Secteur manufacturier

Le plan du « Fabriqué au Québec »

L’ambition du retour de la fabrication locale vient avec son lot de défis et de paradoxes

François Legault veut rapatrier au Québec la fabrication de « toutes sortes de produits qu’on importe de la Chine, mais aussi de l’Europe et des États-Unis ». Mais pour la production manufacturière, qu’est-ce que ça signifie ?

Deux cas de figure se présentent. Fabriquer ici ce qu’on achète pour l’instant ailleurs. Et rapatrier la fabrication qui avait été délocalisée.

Dans un cas comme dans l’autre, le défi n’est pas mineur. Distech Controls a relevé le second.

Pas une pièce. Pas cinq. Des dizaines et des dizaines de pièces de plastique différentes étaient moulées en Chine pour l’entreprise québécoise Distech Controls, située à Brossard.

Sa production est de retour au Québec. Distech Controls conçoit et fabrique des systèmes de gestion et d’automatisation pour le chauffage, la climatisation et l’éclairage de grands édifices.

Ses modules de contrôle, ses télécommandes, ses boîtiers électroniques comportent tous des pièces de plastique moulées par injection. Il y a une quinzaine d’années, la logique et la tendance à la délocalisation voulaient que leur fabrication soit confiée à d’abordables, quoique distants, fournisseurs chinois.
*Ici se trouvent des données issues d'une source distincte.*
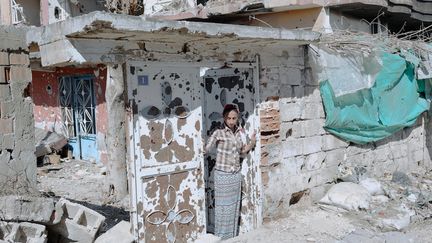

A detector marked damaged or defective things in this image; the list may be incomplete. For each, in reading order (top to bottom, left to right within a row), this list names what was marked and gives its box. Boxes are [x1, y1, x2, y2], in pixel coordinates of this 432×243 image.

broken concrete [0, 221, 47, 243]
broken concrete [0, 196, 55, 224]
broken concrete [48, 198, 105, 242]
broken concrete [94, 220, 133, 243] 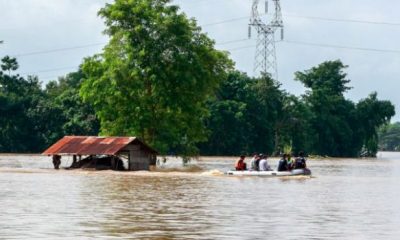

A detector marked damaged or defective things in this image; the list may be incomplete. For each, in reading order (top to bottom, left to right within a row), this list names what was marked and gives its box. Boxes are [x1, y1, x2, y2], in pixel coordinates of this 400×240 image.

rusty roof panel [41, 136, 155, 157] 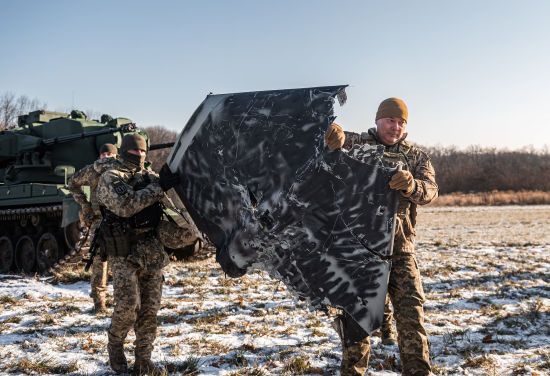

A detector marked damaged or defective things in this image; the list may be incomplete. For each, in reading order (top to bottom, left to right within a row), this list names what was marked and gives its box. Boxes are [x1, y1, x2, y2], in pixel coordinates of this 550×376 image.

damaged drone surface [168, 86, 402, 334] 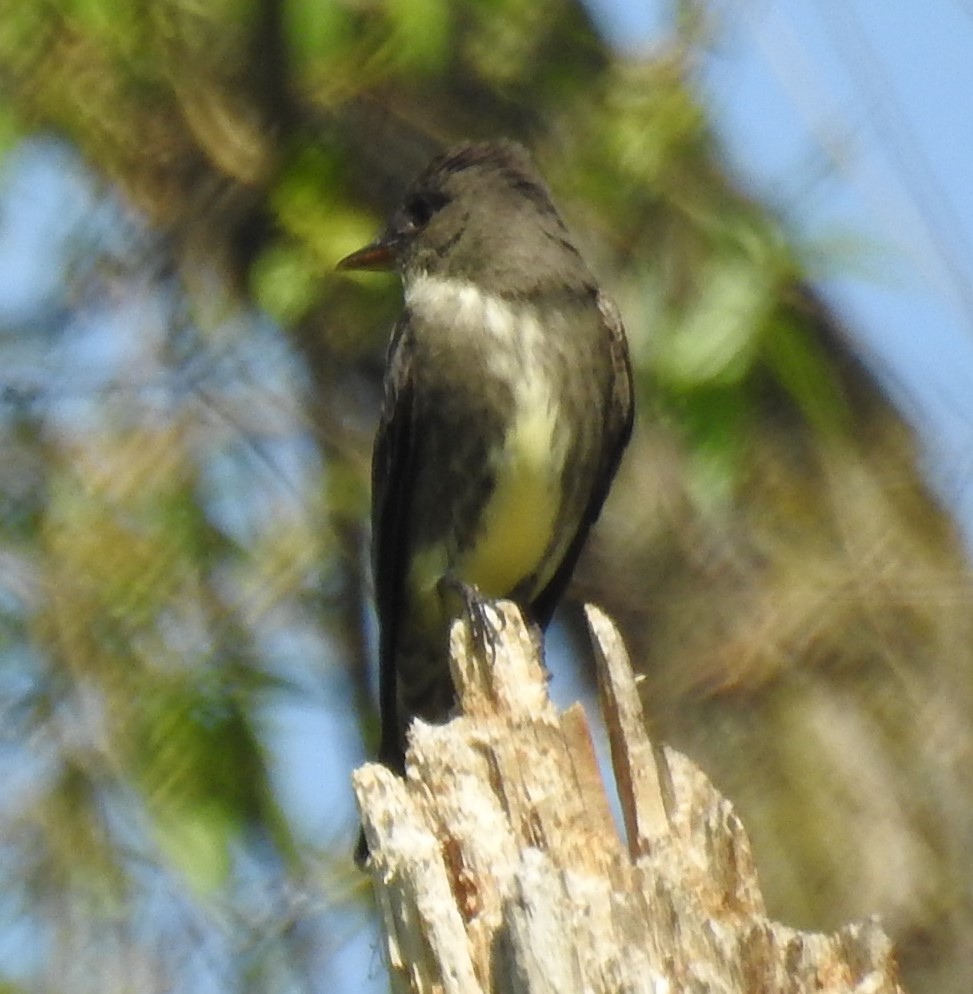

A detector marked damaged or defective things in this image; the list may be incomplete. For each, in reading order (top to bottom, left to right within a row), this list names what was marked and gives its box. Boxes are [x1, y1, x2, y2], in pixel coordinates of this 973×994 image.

splintered wood [354, 600, 908, 992]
Mais au milieu des années 2010, l’entreprise a revu son calcul.

« Quand on regardait les coûts globalement, y compris les coûts de transport, ça revenait assez cher. Le plastique est léger, les pièces sont volumineuses : on transportait de l’air. »

— Élisabeth Gagnon, vice-présidente aux opérations chez Distech Controls

L’entreprise voulait également accroître la proportion de fabrication canadienne de ses systèmes, pour satisfaire aux exigences de l’ALENA et limiter les droits douaniers. « Près de 98 % de nos produits sont vendus à l’étranger », rappelle Mme Gagnon.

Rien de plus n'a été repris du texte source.